Stored dataset items:
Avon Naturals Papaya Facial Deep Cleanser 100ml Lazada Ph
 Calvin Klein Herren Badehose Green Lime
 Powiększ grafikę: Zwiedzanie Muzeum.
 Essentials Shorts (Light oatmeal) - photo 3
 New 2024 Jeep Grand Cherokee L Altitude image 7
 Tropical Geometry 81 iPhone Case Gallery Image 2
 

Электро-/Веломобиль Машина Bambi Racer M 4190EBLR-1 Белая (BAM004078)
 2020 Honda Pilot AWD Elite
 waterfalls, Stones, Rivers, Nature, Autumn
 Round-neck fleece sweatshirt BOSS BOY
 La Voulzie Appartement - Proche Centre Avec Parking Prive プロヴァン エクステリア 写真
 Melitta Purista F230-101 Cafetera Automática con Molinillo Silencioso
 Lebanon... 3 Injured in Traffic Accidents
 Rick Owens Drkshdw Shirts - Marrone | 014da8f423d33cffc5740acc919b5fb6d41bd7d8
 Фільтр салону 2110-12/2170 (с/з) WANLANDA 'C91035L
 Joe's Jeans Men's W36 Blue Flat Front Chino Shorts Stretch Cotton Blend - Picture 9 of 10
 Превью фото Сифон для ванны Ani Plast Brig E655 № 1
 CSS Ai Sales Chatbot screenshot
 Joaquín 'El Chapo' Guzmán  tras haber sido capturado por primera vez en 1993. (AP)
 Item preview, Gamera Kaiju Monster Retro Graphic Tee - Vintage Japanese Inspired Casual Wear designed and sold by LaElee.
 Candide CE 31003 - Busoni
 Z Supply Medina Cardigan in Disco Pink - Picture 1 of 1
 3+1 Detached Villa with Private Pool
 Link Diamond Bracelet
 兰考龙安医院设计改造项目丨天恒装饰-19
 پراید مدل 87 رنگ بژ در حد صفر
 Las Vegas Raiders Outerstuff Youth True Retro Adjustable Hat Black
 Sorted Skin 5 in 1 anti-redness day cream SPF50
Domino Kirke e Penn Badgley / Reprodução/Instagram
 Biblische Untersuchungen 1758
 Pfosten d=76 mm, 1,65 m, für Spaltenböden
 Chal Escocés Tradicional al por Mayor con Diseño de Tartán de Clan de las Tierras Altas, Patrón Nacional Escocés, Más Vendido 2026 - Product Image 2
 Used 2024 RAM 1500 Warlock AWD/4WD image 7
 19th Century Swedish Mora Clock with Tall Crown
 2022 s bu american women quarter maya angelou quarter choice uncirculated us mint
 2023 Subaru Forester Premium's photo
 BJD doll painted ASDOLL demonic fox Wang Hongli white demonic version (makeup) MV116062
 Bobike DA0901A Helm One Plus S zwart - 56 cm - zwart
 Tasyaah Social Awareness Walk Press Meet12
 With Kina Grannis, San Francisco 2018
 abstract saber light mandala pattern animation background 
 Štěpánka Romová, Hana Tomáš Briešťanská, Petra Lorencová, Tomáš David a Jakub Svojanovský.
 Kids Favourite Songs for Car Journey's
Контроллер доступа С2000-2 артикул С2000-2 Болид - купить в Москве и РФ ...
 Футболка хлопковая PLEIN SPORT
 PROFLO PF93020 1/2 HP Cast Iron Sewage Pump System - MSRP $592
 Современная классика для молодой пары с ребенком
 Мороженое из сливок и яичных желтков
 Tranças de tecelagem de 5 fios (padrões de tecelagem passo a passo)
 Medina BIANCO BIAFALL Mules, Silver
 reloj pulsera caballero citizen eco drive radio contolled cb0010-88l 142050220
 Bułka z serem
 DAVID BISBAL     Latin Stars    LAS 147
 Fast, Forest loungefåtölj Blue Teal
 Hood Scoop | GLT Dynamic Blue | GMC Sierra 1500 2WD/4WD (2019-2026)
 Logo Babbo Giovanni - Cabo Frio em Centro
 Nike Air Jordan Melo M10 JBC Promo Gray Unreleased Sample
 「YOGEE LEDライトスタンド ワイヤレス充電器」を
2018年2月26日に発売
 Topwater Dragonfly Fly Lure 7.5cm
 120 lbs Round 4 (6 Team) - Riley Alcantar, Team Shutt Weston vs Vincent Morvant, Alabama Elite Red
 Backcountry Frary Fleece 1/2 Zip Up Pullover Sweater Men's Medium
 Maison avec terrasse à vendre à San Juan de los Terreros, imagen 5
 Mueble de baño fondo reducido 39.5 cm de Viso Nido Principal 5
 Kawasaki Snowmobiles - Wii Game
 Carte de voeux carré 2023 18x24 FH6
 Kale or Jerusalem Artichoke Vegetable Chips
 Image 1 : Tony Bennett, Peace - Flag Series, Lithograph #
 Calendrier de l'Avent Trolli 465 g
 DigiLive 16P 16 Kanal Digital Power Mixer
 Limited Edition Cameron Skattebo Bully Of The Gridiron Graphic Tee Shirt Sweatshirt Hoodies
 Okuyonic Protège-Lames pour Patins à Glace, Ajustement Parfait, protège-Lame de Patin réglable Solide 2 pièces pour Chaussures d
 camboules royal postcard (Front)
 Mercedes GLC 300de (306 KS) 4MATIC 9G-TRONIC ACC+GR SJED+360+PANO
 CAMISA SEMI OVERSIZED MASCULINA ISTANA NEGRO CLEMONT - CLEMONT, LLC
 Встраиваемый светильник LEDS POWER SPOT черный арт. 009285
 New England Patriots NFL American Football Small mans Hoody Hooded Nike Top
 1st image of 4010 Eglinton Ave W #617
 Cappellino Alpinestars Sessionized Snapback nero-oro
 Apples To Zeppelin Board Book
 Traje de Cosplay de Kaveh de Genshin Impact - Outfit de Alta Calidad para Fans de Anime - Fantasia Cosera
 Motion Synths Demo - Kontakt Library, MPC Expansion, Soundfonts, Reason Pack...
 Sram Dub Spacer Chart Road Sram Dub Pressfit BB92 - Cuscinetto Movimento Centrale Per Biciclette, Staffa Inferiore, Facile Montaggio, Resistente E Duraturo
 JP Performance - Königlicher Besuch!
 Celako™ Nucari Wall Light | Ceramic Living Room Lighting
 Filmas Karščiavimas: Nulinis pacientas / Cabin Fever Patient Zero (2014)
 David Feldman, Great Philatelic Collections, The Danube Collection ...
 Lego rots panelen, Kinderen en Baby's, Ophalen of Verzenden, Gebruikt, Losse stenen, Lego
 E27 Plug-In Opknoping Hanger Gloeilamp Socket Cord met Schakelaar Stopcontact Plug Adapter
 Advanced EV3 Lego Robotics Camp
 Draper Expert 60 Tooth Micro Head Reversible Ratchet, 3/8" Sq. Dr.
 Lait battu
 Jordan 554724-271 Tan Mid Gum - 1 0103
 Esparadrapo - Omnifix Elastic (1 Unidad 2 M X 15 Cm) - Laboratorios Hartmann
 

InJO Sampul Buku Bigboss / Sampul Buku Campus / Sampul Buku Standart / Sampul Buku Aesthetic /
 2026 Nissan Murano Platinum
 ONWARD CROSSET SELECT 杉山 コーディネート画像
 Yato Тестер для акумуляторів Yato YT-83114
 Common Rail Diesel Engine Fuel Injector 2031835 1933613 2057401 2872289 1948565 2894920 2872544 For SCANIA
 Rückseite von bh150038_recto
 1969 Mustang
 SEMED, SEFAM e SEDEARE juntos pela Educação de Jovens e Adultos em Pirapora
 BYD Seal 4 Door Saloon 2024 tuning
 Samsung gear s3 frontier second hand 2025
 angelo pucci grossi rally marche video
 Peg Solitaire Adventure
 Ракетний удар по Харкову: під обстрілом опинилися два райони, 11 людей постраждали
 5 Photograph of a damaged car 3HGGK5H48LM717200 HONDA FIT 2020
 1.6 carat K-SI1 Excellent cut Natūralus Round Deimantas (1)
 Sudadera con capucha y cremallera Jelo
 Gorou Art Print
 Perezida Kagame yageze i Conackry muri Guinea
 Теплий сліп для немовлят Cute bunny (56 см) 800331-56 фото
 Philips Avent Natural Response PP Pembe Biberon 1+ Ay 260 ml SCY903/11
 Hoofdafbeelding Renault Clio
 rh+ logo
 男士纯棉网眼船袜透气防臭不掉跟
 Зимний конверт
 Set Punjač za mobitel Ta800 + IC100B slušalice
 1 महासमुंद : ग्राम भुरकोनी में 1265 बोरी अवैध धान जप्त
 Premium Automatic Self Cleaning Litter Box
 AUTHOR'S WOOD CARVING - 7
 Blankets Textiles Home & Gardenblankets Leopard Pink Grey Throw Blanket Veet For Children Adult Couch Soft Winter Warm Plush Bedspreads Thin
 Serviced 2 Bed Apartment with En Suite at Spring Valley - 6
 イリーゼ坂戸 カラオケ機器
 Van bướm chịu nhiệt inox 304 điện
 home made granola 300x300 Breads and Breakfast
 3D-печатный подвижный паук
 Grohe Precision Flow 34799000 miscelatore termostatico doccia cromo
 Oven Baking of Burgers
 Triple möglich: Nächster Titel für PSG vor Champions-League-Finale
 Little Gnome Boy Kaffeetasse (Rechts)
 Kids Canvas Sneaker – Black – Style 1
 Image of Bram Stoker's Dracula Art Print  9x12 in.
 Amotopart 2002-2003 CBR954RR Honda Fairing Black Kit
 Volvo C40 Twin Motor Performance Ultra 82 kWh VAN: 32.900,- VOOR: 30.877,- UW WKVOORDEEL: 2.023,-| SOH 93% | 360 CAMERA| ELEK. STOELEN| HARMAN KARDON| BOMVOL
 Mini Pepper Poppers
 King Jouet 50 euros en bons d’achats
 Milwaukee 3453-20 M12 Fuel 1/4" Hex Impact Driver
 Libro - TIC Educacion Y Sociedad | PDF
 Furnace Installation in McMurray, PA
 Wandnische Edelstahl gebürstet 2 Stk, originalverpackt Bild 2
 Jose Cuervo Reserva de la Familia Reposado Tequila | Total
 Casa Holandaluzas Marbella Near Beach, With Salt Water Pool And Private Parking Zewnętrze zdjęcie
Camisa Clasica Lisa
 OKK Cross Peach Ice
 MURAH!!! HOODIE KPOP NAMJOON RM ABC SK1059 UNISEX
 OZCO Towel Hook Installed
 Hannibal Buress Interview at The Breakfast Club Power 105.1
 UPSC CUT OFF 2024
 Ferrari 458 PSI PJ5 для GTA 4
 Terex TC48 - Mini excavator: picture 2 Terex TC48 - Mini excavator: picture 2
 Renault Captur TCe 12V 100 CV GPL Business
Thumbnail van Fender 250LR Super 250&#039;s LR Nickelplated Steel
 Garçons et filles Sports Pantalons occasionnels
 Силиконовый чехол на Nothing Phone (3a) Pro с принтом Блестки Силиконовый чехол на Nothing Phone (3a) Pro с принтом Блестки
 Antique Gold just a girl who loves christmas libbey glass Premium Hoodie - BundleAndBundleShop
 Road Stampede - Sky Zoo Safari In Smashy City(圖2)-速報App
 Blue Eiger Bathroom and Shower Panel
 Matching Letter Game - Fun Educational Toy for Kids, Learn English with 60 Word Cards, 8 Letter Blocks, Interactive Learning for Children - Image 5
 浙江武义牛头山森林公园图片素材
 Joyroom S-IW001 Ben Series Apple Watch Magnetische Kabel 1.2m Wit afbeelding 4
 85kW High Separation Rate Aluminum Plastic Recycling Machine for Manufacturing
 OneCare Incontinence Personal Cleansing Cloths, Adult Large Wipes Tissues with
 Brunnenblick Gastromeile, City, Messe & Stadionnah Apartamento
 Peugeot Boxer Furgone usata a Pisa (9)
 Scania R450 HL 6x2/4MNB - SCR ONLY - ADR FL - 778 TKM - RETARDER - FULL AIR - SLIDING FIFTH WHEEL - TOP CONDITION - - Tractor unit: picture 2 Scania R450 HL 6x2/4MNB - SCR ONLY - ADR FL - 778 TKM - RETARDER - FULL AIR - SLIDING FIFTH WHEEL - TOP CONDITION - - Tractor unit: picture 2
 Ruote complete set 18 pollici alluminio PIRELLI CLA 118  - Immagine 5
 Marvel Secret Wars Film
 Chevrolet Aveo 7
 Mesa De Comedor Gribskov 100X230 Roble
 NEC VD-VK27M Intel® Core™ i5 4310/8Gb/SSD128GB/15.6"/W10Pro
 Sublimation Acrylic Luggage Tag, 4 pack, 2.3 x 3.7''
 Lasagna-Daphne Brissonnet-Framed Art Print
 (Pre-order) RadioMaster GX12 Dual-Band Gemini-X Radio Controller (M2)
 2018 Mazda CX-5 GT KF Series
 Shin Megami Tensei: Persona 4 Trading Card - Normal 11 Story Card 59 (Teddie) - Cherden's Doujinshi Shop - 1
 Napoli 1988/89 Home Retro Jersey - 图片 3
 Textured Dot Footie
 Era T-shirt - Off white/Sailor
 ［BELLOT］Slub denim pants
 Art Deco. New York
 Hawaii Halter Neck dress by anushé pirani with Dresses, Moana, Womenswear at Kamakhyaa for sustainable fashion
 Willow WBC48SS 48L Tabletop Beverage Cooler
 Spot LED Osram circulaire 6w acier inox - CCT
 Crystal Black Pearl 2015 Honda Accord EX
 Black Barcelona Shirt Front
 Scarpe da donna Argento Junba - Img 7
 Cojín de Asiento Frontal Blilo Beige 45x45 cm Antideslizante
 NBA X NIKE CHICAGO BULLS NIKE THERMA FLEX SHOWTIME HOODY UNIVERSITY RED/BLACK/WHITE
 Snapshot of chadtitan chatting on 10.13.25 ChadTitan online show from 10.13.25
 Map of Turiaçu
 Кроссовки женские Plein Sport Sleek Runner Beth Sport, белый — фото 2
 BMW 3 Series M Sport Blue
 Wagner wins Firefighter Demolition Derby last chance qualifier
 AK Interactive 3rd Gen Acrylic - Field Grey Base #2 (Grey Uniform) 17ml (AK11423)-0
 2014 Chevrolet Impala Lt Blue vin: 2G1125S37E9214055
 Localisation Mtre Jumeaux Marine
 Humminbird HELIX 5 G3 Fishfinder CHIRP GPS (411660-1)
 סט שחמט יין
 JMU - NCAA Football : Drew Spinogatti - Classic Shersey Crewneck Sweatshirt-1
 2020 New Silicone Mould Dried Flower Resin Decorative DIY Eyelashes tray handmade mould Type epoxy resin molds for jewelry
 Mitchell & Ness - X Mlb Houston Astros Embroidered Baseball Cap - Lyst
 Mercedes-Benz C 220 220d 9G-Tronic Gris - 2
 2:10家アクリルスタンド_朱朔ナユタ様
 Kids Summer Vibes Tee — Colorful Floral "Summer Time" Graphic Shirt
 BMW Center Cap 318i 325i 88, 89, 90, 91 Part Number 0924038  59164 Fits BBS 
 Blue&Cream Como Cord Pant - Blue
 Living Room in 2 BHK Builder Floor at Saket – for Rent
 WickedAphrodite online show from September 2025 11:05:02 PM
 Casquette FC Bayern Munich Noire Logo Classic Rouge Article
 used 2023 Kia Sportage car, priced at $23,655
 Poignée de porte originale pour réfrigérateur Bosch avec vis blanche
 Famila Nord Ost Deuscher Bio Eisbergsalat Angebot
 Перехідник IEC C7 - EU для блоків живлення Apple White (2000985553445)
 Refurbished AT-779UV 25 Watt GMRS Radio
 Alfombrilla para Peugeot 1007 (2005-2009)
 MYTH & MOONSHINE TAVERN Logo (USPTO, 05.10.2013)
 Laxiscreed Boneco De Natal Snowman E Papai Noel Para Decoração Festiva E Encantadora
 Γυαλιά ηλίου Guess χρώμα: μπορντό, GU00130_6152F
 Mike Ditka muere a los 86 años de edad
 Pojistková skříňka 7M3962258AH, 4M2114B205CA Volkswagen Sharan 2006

• Problem requirements: All that is wanted is a faithful reproduction of the line above with "Candide CE 31003 - Busoni", the line with "Chal Escocés Tradicional", and every line in between.

• Answer space:
 Candide CE 31003 - Busoni
 Z Supply Medina Cardigan in Disco Pink - Picture 1 of 1
 3+1 Detached Villa with Private Pool
 Link Diamond Bracelet
 兰考龙安医院设计改造项目丨天恒装饰-19
 پراید مدل 87 رنگ بژ در حد صفر
 Las Vegas Raiders Outerstuff Youth True Retro Adjustable Hat Black
 Sorted Skin 5 in 1 anti-redness day cream SPF50
Domino Kirke e Penn Badgley / Reprodução/Instagram
 Biblische Untersuchungen 1758
 Pfosten d=76 mm, 1,65 m, für Spaltenböden
 Chal Escocés Tradicional al por Mayor con Diseño de Tartán de Clan de las Tierras Altas, Patrón Nacional Escocés, Más Vendido 2026 - Product Image 2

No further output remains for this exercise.